By 12pm that afternoon, I laid in bed, waiting for my departure from this earth.

The last time I felt such pain in such situation was in 2016, while I was in year 1.

It was also the day I did my first episode on Nigerian criminals, with Godogodo as the center of attraction.

I threw up all my intestines while writing that story but of course, the show had to go on.

I do not want my period again.

Of course I did not miss it, I just wanted to use that subject.

My insta highlights still itches for your views.

LEARNING NEW STUFF AND MEETING NEW PEOPLE

You know that point in your life when you want a lot of things done but you’re too broke to pay for them so you resort to ‘doing it yourself’? Yup!! I got to that point in my life.

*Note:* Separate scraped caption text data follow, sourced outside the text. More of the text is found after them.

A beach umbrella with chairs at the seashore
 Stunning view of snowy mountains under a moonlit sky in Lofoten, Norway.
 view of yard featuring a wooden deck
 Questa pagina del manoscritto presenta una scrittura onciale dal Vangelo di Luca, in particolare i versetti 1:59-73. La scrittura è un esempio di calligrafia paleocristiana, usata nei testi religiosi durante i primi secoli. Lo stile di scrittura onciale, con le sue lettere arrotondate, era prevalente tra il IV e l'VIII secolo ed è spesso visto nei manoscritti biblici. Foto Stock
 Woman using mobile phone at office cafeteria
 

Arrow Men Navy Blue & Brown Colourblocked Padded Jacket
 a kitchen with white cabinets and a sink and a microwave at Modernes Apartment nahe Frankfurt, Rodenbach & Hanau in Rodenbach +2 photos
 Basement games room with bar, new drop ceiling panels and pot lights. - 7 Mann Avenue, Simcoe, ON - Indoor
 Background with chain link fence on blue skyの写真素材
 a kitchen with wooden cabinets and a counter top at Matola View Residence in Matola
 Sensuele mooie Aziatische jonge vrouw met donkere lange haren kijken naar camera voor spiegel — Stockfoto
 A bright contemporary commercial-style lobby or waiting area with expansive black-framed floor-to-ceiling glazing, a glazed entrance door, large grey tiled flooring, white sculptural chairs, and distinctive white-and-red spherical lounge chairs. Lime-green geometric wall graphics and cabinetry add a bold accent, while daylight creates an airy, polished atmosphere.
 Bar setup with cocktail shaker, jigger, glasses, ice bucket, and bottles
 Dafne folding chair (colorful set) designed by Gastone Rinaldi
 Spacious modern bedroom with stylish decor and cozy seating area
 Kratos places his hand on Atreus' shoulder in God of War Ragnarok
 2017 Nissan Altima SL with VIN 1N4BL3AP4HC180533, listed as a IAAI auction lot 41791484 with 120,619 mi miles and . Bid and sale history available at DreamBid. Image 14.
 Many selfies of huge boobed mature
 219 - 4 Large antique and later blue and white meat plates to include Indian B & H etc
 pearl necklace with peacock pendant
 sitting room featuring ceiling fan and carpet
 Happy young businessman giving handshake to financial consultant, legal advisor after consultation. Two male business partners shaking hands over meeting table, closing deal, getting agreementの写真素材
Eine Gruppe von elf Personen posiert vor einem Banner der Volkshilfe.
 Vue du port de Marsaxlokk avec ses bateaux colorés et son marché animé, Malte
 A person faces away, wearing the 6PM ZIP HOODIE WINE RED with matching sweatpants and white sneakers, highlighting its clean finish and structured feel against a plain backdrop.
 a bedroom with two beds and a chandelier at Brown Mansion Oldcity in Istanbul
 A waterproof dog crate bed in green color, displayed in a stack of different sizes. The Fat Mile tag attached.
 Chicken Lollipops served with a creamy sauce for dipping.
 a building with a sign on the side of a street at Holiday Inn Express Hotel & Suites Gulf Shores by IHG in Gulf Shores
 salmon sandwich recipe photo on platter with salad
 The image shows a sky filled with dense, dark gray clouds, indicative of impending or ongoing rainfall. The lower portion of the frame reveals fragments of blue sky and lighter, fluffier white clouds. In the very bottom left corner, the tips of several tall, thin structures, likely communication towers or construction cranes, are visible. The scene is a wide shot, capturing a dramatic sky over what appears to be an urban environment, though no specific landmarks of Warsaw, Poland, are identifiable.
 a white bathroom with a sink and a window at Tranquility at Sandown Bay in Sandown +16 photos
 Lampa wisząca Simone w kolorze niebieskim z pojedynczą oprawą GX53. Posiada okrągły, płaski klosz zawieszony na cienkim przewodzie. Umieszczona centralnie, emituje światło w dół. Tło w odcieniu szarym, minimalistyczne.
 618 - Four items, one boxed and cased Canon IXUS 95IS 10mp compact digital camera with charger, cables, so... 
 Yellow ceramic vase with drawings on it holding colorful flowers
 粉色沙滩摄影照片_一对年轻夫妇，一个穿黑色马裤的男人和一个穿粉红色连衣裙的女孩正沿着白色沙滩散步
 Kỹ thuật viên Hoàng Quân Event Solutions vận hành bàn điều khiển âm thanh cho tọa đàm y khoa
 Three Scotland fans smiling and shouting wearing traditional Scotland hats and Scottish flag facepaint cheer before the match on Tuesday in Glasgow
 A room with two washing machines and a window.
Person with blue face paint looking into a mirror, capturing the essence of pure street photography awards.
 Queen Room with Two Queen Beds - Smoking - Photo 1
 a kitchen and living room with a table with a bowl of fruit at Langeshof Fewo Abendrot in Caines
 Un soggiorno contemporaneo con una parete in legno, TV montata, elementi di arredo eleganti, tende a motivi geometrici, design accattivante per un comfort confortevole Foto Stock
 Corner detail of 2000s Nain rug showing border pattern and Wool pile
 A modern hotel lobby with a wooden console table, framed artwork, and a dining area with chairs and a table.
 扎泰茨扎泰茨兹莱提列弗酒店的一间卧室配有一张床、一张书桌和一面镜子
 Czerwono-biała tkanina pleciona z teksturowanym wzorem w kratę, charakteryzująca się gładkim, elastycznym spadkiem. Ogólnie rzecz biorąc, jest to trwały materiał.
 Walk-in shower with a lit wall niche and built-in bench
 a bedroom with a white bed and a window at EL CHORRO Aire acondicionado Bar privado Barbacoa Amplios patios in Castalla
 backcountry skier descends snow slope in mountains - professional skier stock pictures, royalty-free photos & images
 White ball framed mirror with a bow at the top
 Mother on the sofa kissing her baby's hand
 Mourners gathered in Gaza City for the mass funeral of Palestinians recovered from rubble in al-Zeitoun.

Nobody told me twice, I started downloading apps and teaching myself things that I would be needing for me, myself and I. Networking also became an option for me when I realized that I’m not enough for me. I made a couple of new friends, had a couple of new subscribers. I’m still not where I want to be.

PANICKING

I might have been putting up this face of total control but to be honest I’m dying inside.

Why?

I realize that in a few weeks, I’ll be turning twenty and I feel underachieved.

@_horlar shot this

All these smile, na facade. I honestly feel like I grew up too fast, I didn’t even get the chance to be nineteen completely and twenty is already running after me. I love the idea of birthdays but I definitely do not fancy the idea of turning a year older.

As much as I’ll be claiming to be 17 again this year, I just really want to know what to do before I turn 20.

My birthday is still in May. May 1st to be precise.

I need a list of things to do before 20.

Kindly use the comment section, thank you❤️

Oh, and my body doesn’t reject gifts o, I’m in the mood to start collecting them in advance.